By Fr. Frank Timar, M.S.C.
Jesus had so much He wanted to share with those who were interested. He loved to tell stories and He told them at every opportunity to make it easier for His audience to understand His message. Who could forget the story Jesus told about a farmer who planted seeds in his field. Jesus speaks about different soils and the end results of this planting. I personally like this parable because it speaks about us and how receptive we are to Jesus’ message, and whether we are listening with our hearts.
As Jesus explained the parable, we see that there is a deeper meaning than about different soils. What if this is not a parable about soils at all? Could be that this story is not about out shortfalls and failures either. Maybe, this is a parable about the farmer and the generosity of the sower, Jesus. That would change the way we identify ourselves in the story. If this is truly a story about the sower, then Jesus is telling us how God wants us to live. The sower casts the seed with wild and joyous abandon. He is confident that there will be a good harvest, even though he knows that many of the seeds will end up as food for birds. He is not so much concerned with efficiency as he is with abundance. He does not seem angry at the birds, the rocks, or even the weeds. In fact, the sower anticipates them. These are all just a part of the landscape of farming.

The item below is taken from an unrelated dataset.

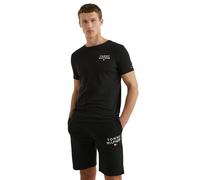 Tommy Hilfiger Cn Ss Tee Logo UM0UM02916, Uomo, Nero (Black), XL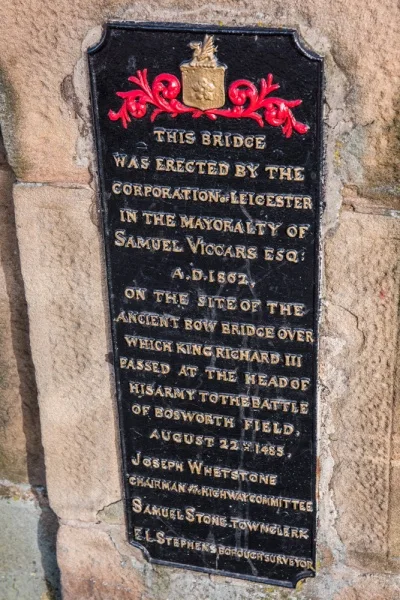 The eastern dedication plaque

It sure seems like Jesus is offering this extravagant, even wasteful, generous sower as a new picture of God. Maybe so. And maybe He is suggesting that the sower could be a picture of us too. Instead of going through life counting our wealth like King Midas, and guarding and hoarding what we have been given by an extravagant God, we ought to move through life flinging our abundance to the wind, trusting the unseen hand of God to bless it where it lands. Maybe we should try living less efficiently, and more extravagantly. Maybe we could live less anxious over the bad that might happen, and live more hopefully confident with the abundance that could happen.
What would life be like if we spent less time and energy chasing our enemies away, and spent more energy feeding them? Wouldn’t this be a nice way to live? Let’s feed our enemy. Let’s live our life with abandon with the generosity of one who knows that there is plenty enough seed in us to find good soil. And we also need to remind ourselves of the enormous potential for good when even the smallest amount of good seed hits good soil. All the birds of the air, all the rocks on the ground, and all the weeds of the field cannot overwhelm the productivity of a single grain of goodness. So, how about it, let’s go for it, grab a handful of life, and watch it fly!